Der Voll­stän­dig­keit hal­ber hier die Reak­ti­on von Erz­bi­schof Aguer auf das päpst­li­che Motu pro­prio: „Tra­di­tio­nis cus­to­des ist ein bekla­gens­wer­ter Rück­schlag“.

Es war klar, daß Tucho Fernán­dez einen so radi­ka­len Ein­griff nicht ohne Wis­sen und Zustim­mung von Fran­zis­kus vor­ge­nom­men hät­te. Viel­mehr sahen Beob­ach­ter hin­ter der Maß­nah­me Fran­zis­kus selbst, der in dem argen­ti­ni­schen Bis­tum einen Ver­suchs­bal­lon stei­gen ließ – und sie soll­ten recht behalten.

Zu den „Errun­gen­schaf­ten“ des der­zei­ti­gen Pon­ti­fi­kats gehört eine end­lo­se Spur homo-freund­li­cher Signa­le. 2020 ließ Fernán­dez von Argen­ti­ni­en aus wis­sen, daß Fran­zis­kus in der Homo-Fra­ge „schon immer“ so gedacht habe.

Damit war auch klar, daß sich Tucho Fernán­dez seit 2018 zwar vor­wie­gend in Argen­ti­ni­en auf­hielt, aber kei­nes­wegs an „die Rän­der“ zurück­ge­kehrt war, aus denen Berg­o­glio und sei­ne Entou­ra­ge der ersten Stun­de gekom­men waren.

Er galt im Früh­jahr 2023 als aus­sichts­reich­ster Kan­di­dat für die Nach­fol­ge von Kar­di­nal Mario Poli als Erz­bi­schof von Bue­nos Aires. Der Weg zum Kar­di­nals­pur­pur wäre damit vor­aus­sicht­lich für eini­ge Jah­re ver­sperrt. Als am ver­gan­ge­nen 26. Mai bekannt wur­de, daß Fran­zis­kus nicht ihn, son­dern Jor­ge Igna­cio Gar­cía Cuer­va zum neu­en Erz­bi­schof von Bue­nos Aires ernannt hat­te, raun­ten Stim­men, daß Tucho Fernán­dez für eine römi­sche Auf­ga­be aus­er­ko­ren sei, wie es schon ursprüng­lich gehei­ßen hat­te.

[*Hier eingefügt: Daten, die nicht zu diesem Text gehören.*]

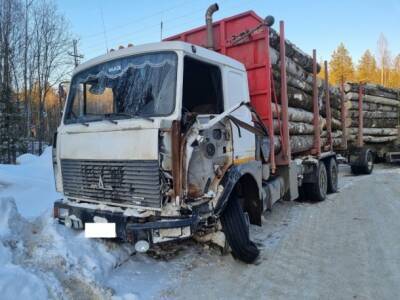 В Коми два грузовика не поделили объездную дорогу - bnkomi.ru - респ. Коми - Сыктывкар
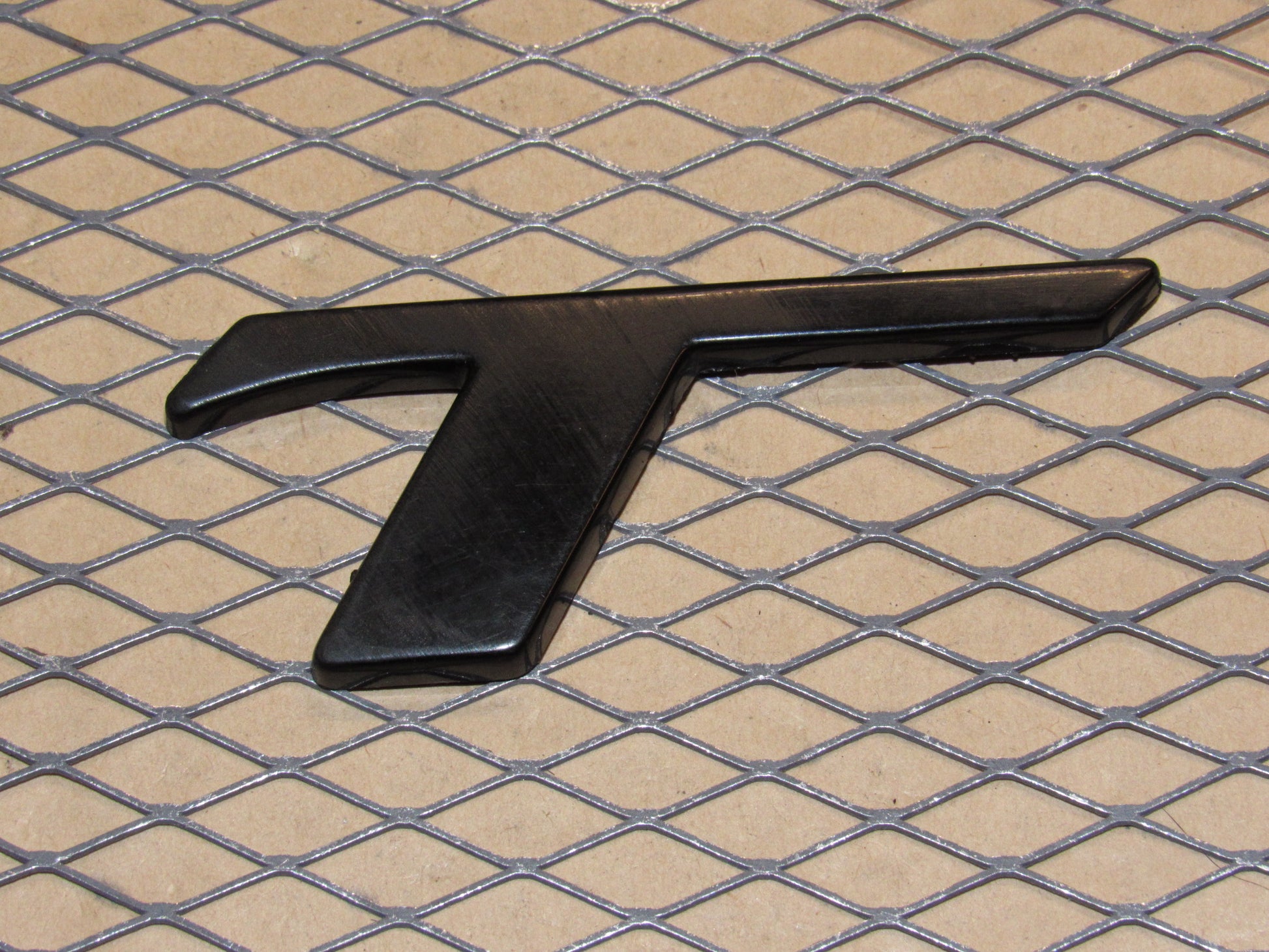 98 99 00 01 02 Pontiac Firebird Trans Am OEM Fender Emblem Badge "T"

Das kur­ze Zwi­schen­spiel in Argen­ti­ni­en, mit der Zer­schla­gung der Tra­di­ti­on in sei­nem Bis­tum, dien­te der Erstel­lung eines for­mal lupen­rei­nen Cur­ri­cu­lum vitae. Es fehl­te „Tucho“ an pasto­ra­ler Lei­tungs­er­fah­rung, dem berühm­ten „Geruch der Scha­fe“, oder was jeden­falls in San­ta Mar­ta dafür gehal­ten wird. Die­se Lücke wur­de geschlos­sen und der Auf­stieg ging wei­ter, bis an die Spit­ze der Glau­bens­kon­gre­ga­ti­on. In der berg­o­glia­ni­schen Vor­stel­lungs­welt gibt es für den päpst­li­chen Pro­te­gé ‒ neben der nun greif­ba­ren Kar­di­nals­wür­de und Ehren­po­si­tio­nen ‒ als ech­ten Auf­stieg nur mehr … das Petrus­amt. Berg­o­glio lo vult.

Nach fünf Jah­ren an der Spit­ze der argen­ti­ni­schen Erz­diö­ze­se am Rio de la Pla­ta kehrt Tucho Fernán­dez tri­um­phie­ren­der denn je nach Rom zurück. Damit rückt auch ein bal­di­ges Kon­si­sto­ri­um näher, von dem schon seit weni­gen Wochen in Rom die Rede ist. Der neue Prä­fekt des Glau­bens­dik­aste­ri­ums wird im kom­men­den Sep­tem­ber sein Amt antre­ten. Mit dem Kar­di­nals­pur­pur wird ihn Fran­zis­kus bald schmücken, wodurch er in den Kreis der Papst­wäh­ler auf­stei­gen wird. 

Tucho Fernán­dez bleibt somit das Nega­tiv­bei­spiel der Per­so­nal­ent­schei­dun­gen, die Fran­zis­kus der Kir­che auf­zwingt. So hat das Pon­ti­fi­kat begon­nen, so bleibt es auch heu­te, im elf­ten Jahr. Fran­zis­kus, der Sozio­lo­ge – viel­mehr der Poli­ti­ker ‒ auf dem Stuhl Petri wird künf­tig flan­kiert durch den Theo­lo­gen „ohne Eigen­schaf­ten“ in der Funk­ti­on des Glau­bens­prä­fek­ten der hei­li­gen Mut­ter Kirche.

Eine nicht nur in Regie­rungs­ak­te gegos­se­ne, son­dern per­so­ni­fi­zier­te Katastrophe.